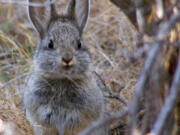 An endangered pygmy rabbit is seen in Eastern Washington during a 2007 reintroduction attempt which failed.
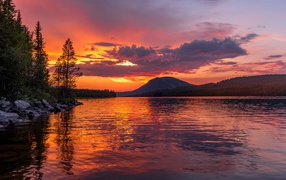 Закат в фиолетовом небе над рекой у леса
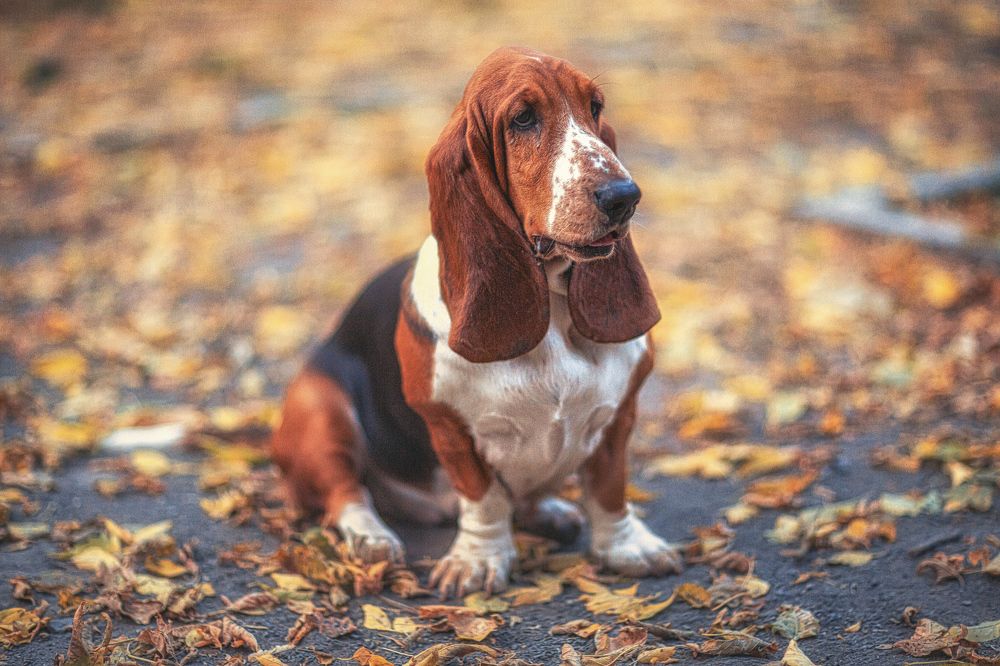 Photograph by Анатолий Климов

▬▬▬

The required output is every line of the data above, set down exactly and stripped of pictures.

 An endangered pygmy rabbit is seen in Eastern Washington during a 2007 reintroduction attempt which failed.
 Закат в фиолетовом небе над рекой у леса
 Photograph by Анатолий Климов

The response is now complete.